Howie Carr
Page 30
On November 17, 1999, Kevin Weeks and Mob money-launderer Kevin O’Neil were both arrested. The next day, Weeks’s mother died. The papers began speculating which of the Kevins would flip first—O’Neil or Weeks. They were shipped out to Central Falls, Rhode Island, away from Flemmi and what was left of the gang down in Plymouth. In cell block H3, Robert DeLuca took pen to paper to commemorate the end of what was left of the Bulger gang with a poem that recalled Catherine’s Greig’s abandoned poodles, Nikki and Gigi. When she went on the lam in 1995, Catherine Greig had left the dogs with her twin sister, Margaret McCusker. But McCusker herself had been indicted earlier in 1999 for perjury after she lied about receiving telephone calls from her twin. After being sentenced to six months of house arrest, McCusker had both poodles put down. But DeLuca nonetheless entitled his poem “Who’s Minding the Puppies?”
Who’s keeping tabs on Broadway,
Now that Weeksie’s landed in court?
Who’s gonna clean the rifles?
Who’s gonna put out the hits?
Who’s gonna pull the trigger
Now that Stevie’s hit the pits?
Who’s shaking down the bookies,
And who’s gonna deal the drugs?
Who’s gonna sell the hot stuff
From TV’s to Persian rugs?
Who’s gonna travel the whole world
Disguised as a couple of yuppies?
And while Whitey’s with the Greig girl,
Who’s taking care of the puppies?
The feds asked Kevin Weeks how old his kids were—sixteen and fourteen.

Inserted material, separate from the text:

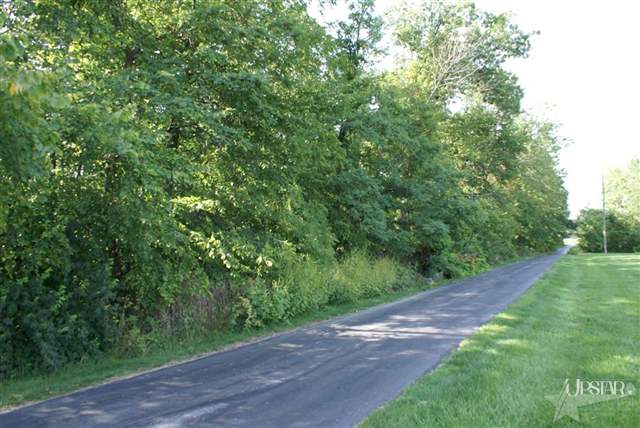 8101 Rothman Road Fort Wayne, IN 46835 - Photo 19 of 19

If you go down on these charges, they told him, your oldest son will be your age, forty-three, before you get out. You’ll be seventy. Weeks cut a deal, and his nickname instantly became “Two,” as in Two Weeks, which was about how long he’d held out.
On December 12, 1999, Zip was indicted on racketeering and obstruction-of-justice charges. By then, it was common knowledge that Weeks had flipped, and in mid-January, the State Police began unearthing the first death pit, at Florian Hall in Dorchester.

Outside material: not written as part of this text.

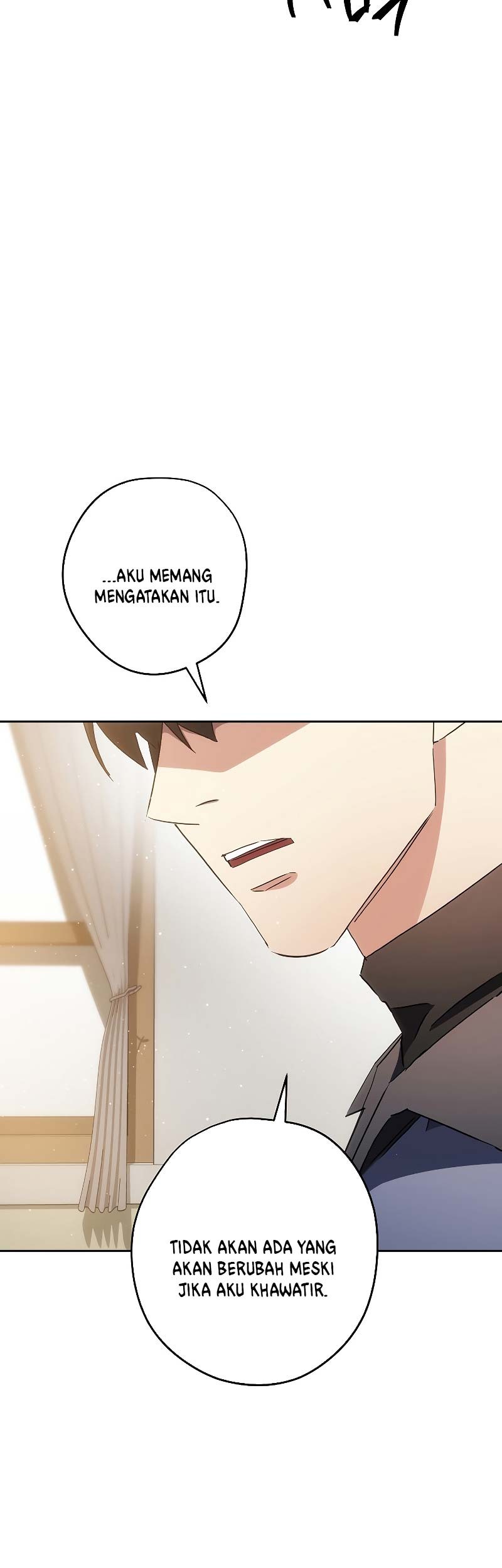 The Live Chapter 148 - halaman 12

When he pleaded guilty, Weeks read a statement to the judge about how both of his brothers had gone to Harvard, while he had never gotten beyond South Boston High. Yet, Weeks said, his late father, an ex-boxer, had been prouder of him than either of his Harvard-educated brothers, one of whom had been elected a selectman in a suburban town, while the other had become a trusted aide to Governor Michael Dukakis.

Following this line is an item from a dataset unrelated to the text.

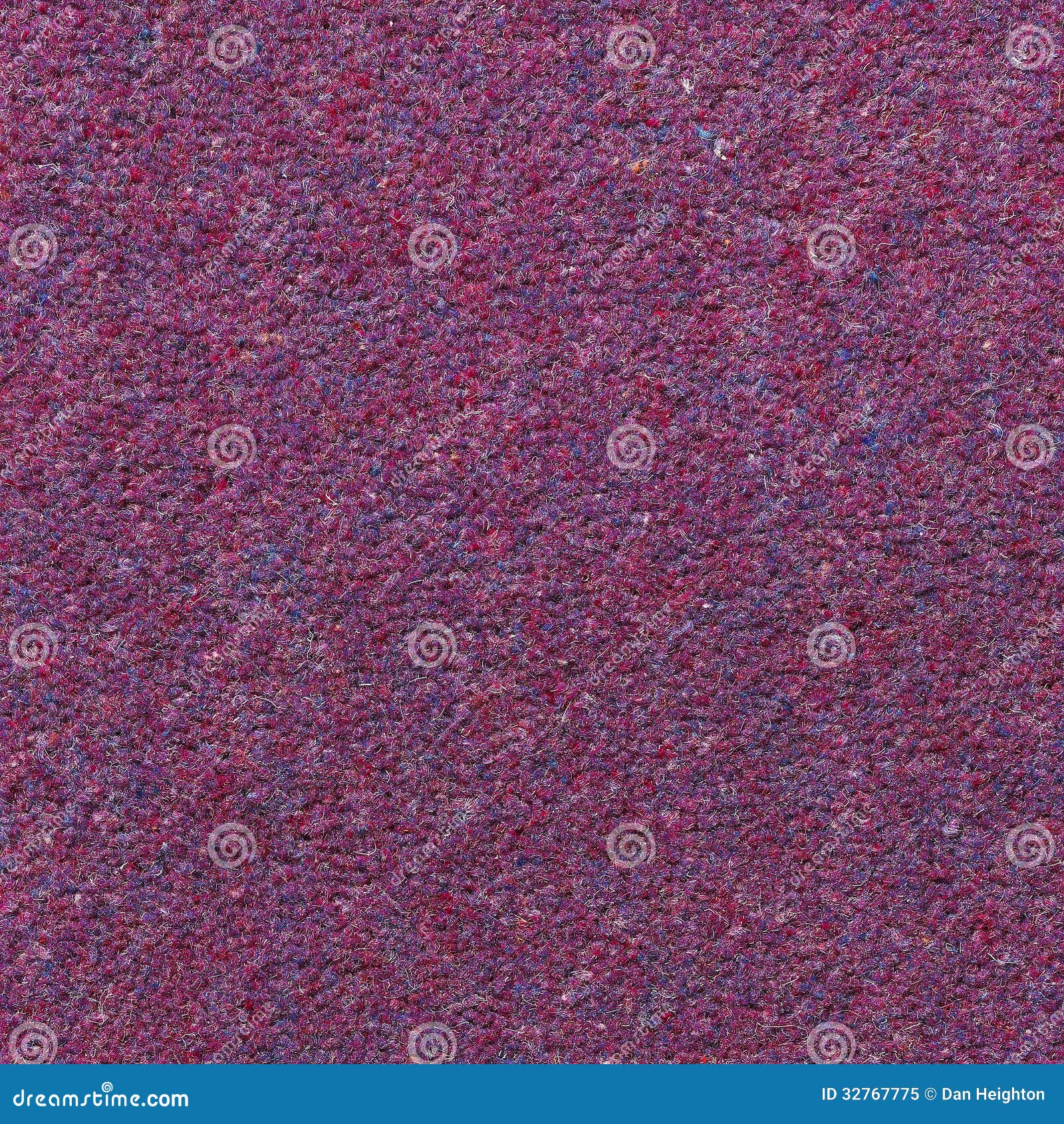 Woven Purple Carpet Texture Royalty Free Stock Photo Image 32767775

Kevin Weeks said his father had always bragged about him, not his brothers, Bill and Jack. The thing his father was proudest of, Kevin Weeks said, was the fact that his youngest son worked for Whitey Bulger. In his father’s eyes, Kevin Weeks said, that made him a big man in Southie.
Despite everything, Billy was able to land one prestigious event for the University of Massachusetts.
Presidential debates are always haggled over and arranged at the highest levels, and Billy knew that in this election year, he had both sides covered. On the Democratic side, there was Ted Kennedy, his old foe, now a friend. Soon Billy would be negotiating with the senior senator to turn his papers over to UMass. And UMass Boston was next door to the JFK Library in Dorchester. Any debate in Boston, especially the first one, would entail a week of media genuflection at the memorial to Teddy’s slain older brother.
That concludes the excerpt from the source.